→ **Assignment**
First find the line with "Jean de tiro" in the entries below, then set down exactly every line through the line with "A private car", that line included.

→ **Data to use**
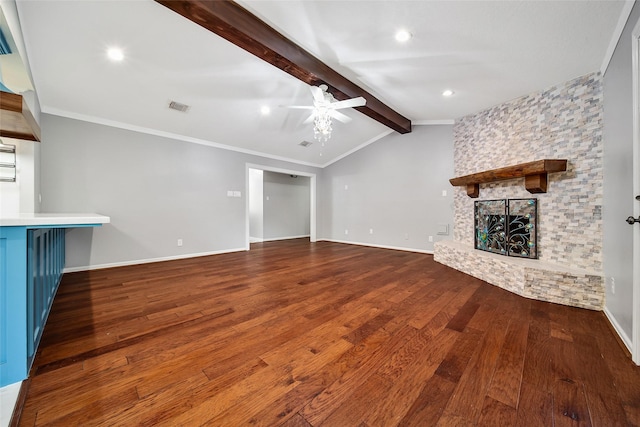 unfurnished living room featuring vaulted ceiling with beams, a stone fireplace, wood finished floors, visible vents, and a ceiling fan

==

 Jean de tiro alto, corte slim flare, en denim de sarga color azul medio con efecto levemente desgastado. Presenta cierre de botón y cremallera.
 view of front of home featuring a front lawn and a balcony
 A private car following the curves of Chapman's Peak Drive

→ **Result of this task**
 Jean de tiro alto, corte slim flare, en denim de sarga color azul medio con efecto levemente desgastado. Presenta cierre de botón y cremallera.
 view of front of home featuring a front lawn and a balcony
 A private car following the curves of Chapman's Peak Drive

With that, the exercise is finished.